Eugene Walter Leake (July 13, 1877 in Jersey City, New Jersey – August 23, 1959 in New York City) was an American Democratic Party politician from New Jersey who represented the 9th congressional district for one term from 1907 to 1909.

Early life and education
Leake was born in Jersey City, New Jersey on July 13, 1877. He attended the public schools and Phillips Academy, Andover, Massachusetts, and graduated from New York Law School in 1898. He was admitted to the New Jersey bar in 1898 and commenced practice in Jersey City.
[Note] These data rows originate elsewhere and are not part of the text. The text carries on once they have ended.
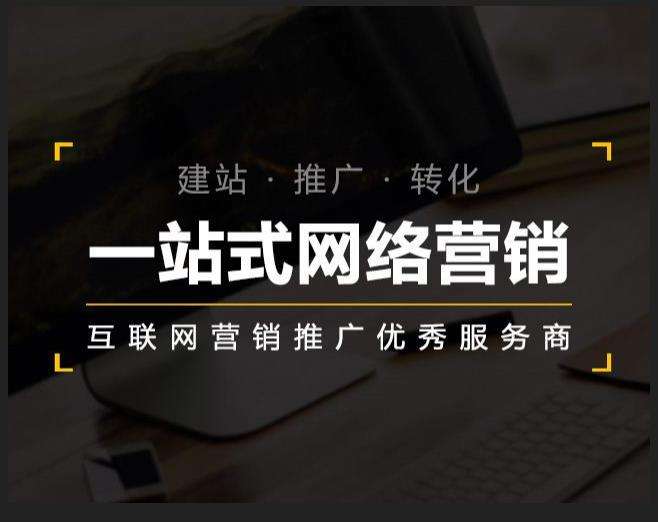 朔城企业如何怎么利用网络推广抓取潜在客户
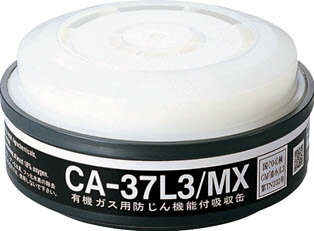 シゲマツ 低濃度ガス用吸収缶 CA37L3MX
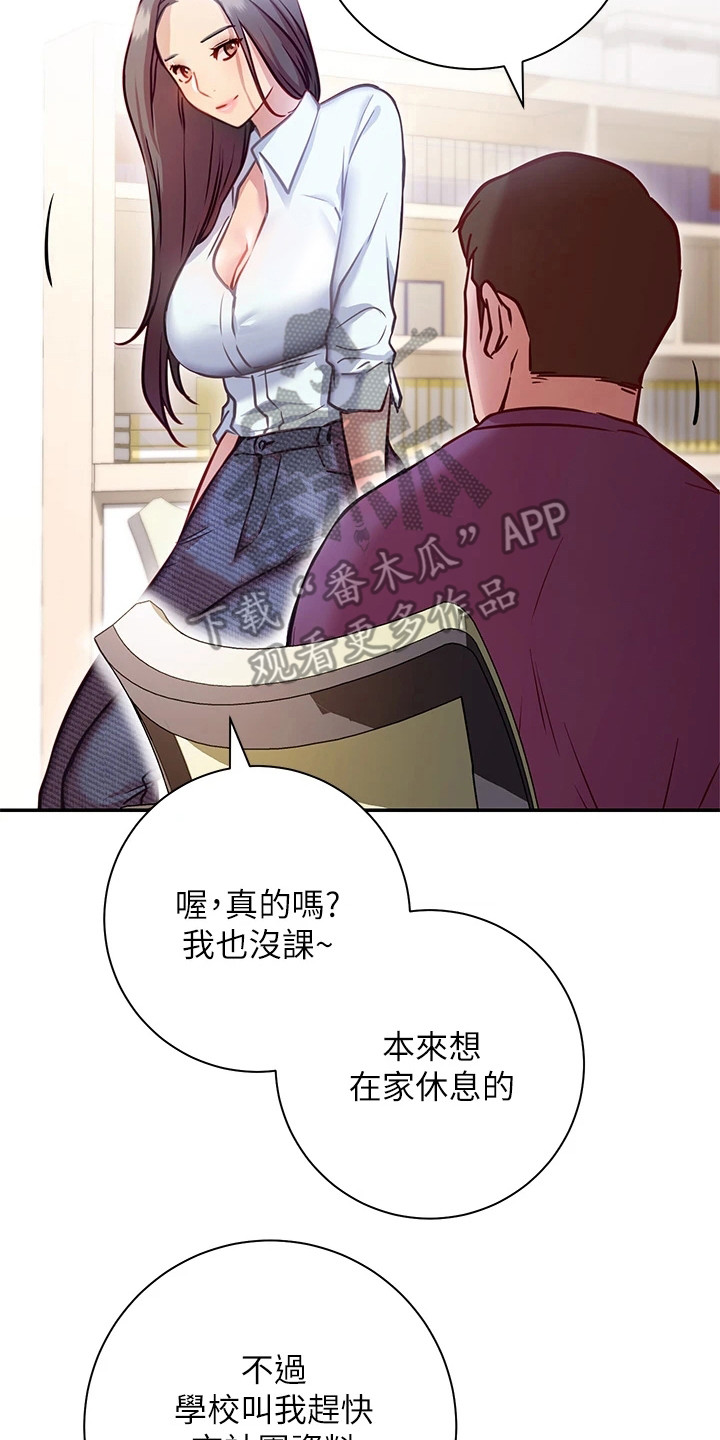皮拉提斯社漫画,第20章：很顺利4图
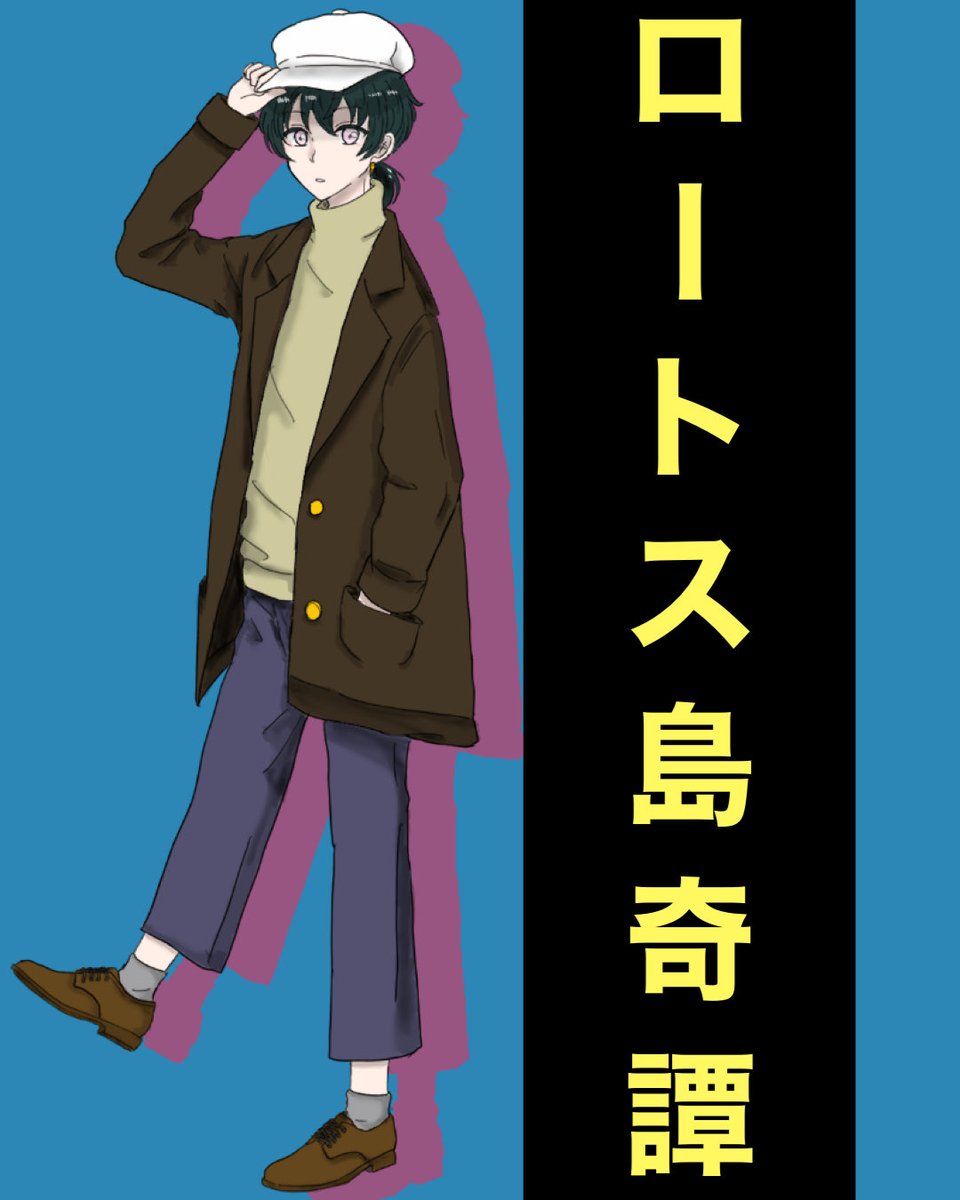 zz_trpg0's tweet photo. 今日はロートス島奇譚！！
久しぶりのエモクロアなので楽しみです https://t.co/CEQ30SlIH4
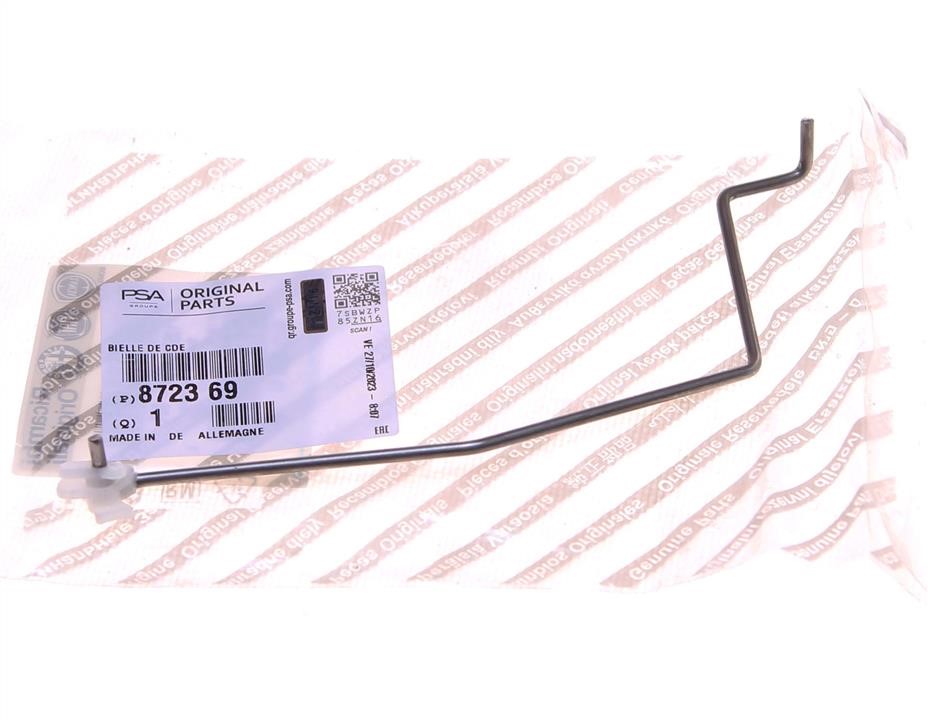 Buy Citroen/Peugeot 8723 69 at a low price in United Arab Emirates!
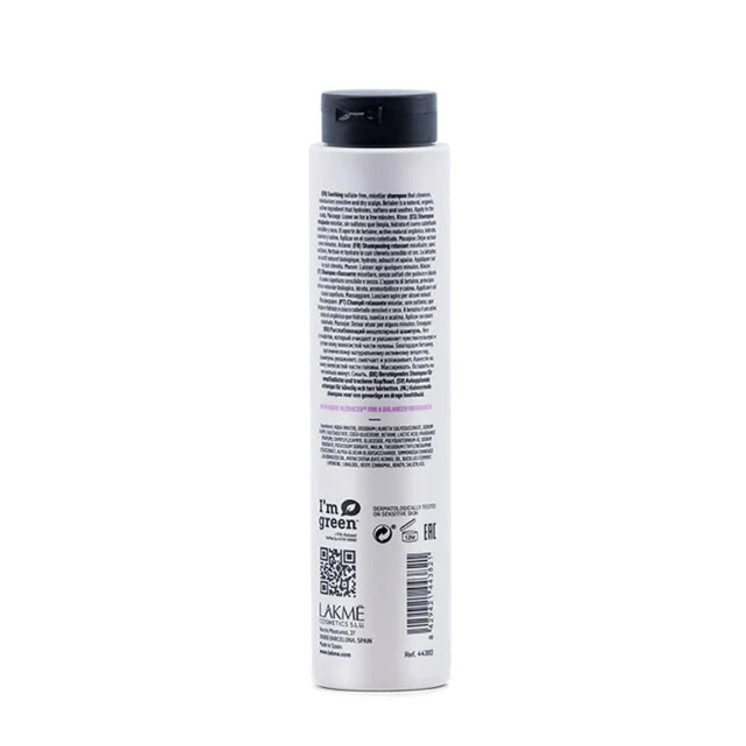 Lakme Teknia Pure Shampoo 300ml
In 1908, he was admitted to the New York bar and practiced in New York City.

Congress
Leake was elected as a Democrat to the Sixtieth Congress, serving in office from March 4, 1907 – March 3, 1909, but was not a candidate for renomination in 1908.

Later life
After leaving Congress, he was general counsel for the Adams Express Co. from 1927-1932. In 1931, he was elected chairman of the board of directors of the American Railway Express Co., and was a director of Loew's, Inc.

Death
He died in New York City on August 23, 1959, and was interred in Cedar Lawn Cemetery in Paterson, New Jersey.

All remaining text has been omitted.